The nip formation pad 26 is coated with a low-friction sheet. As the fixing belt 21 rotates in the rotation direction R3, the fixing belt 21 slides over the low-friction sheet that reduces a driving torque of the fixing belt 21, reducing load exerted to the fixing belt 21 by friction between the fixing belt 21 and the nip formation pad 26. Alternatively, the nip formation pad 26 may be made of a low friction material. In this case, the low-friction sheet is not interposed between the nip formation pad 26 and the fixing belt 21 and therefore the nip formation pad 26 contacts the fixing belt 21 directly.

A detailed description is now given of a configuration of the stay 27.
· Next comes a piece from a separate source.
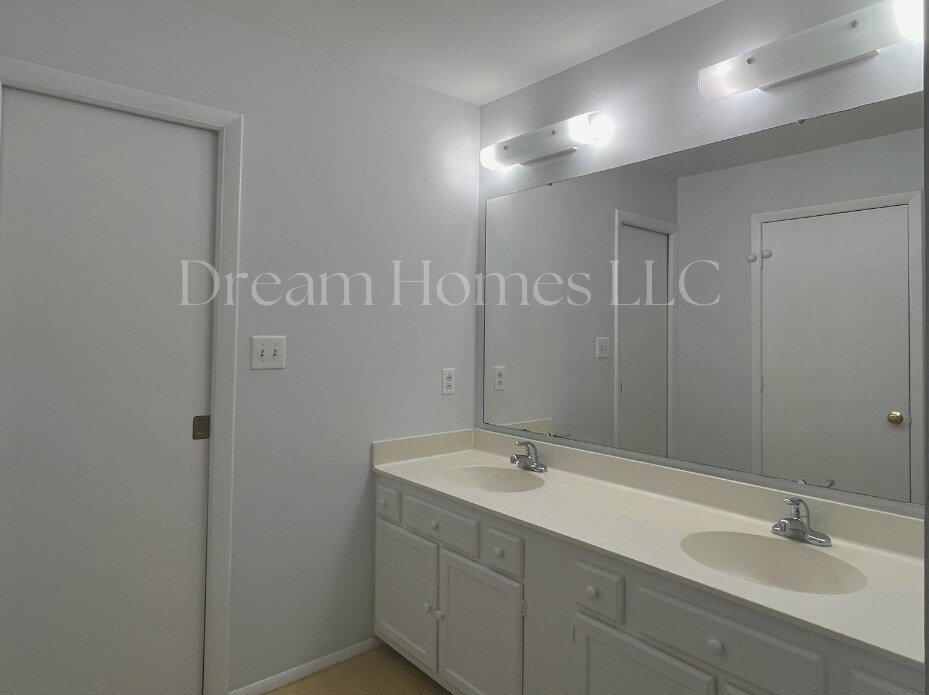Building Photo - 9924 Ridgemore Dr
The stay 27 is made of metal having an increased mechanical strength, such as stainless steel and iron, to prevent bending of the nip formation pad 26. The stay 27 includes arms extending in a pressurization direction A3 in which the pressure roller 22 exerts pressure to the fixing belt 21 and creating an increased length of the stay 27 in the pressurization direction A3 in cross-section, increasing the section modulus of the stay 27 and therefore enhancing the mechanical strength of the stay 27. For example, the stay 27 includes a base 27a and a pair of arms 27b. The base 27a contacts the nip formation pad 26 and extends vertically in FIG. 2 in the sheet conveyance direction A1. The arms 27b project from the base 27a horizontally leftward in FIG. 2 in the pressurization direction A3 of the pressure roller 22 at an upstream end and a downstream end of the base 27a in the sheet conveyance direction A1, respectively. The arms 27b projecting from the base 27a create an increased length of the stay 27 in the pressurization direction A3 of the pressure roller 22 in cross-section, enhancing the mechanical strength of the stay 27. The halogen heater 25 is interposed between the arms 27b of the stay 27 in the sheet conveyance direction A1. Accordingly, even if the fixing belt 21 having a decreased loop diameter produces a confined space inside the loop thereof, the stay 27 allows the fixing belt 21 to accommodate the stay 27, the halogen heater 25, and the like while attaining a desired mechanical strength.

A detailed description is now given of a configuration of the reflector 28.

The reflector 28 is interposed between the stay 27 and the halogen heater 25. According to this exemplary embodiment, the reflector 28 is mounted on the stay 27. The reflector 28 reflects light radiated from the halogen heater 25 to the stay 27 toward the fixing belt 21, increasing an amount of light that irradiates the fixing belt 21 and thereby heating the fixing belt 21 effectively. Additionally, the reflector 28 suppresses conduction of heat from the halogen heater 25 to the stay 27 or the like.

With reference to FIG. 2, a description is provided of a fixing operation of the fixing device 9 described above.

As the image forming apparatus 100 depicted in FIG. 1 is powered on, the power supply supplies power to the halogen heater 25 and at the same time the driver drives and rotates the pressure roller 22 clockwise in FIG. 2 in the rotation direction R4. Accordingly, the fixing belt 21 rotates counterclockwise in FIG. 2 in the rotation direction R3 in accordance with rotation of the pressure roller 22 by friction between the pressure roller 22 and the fixing belt 21.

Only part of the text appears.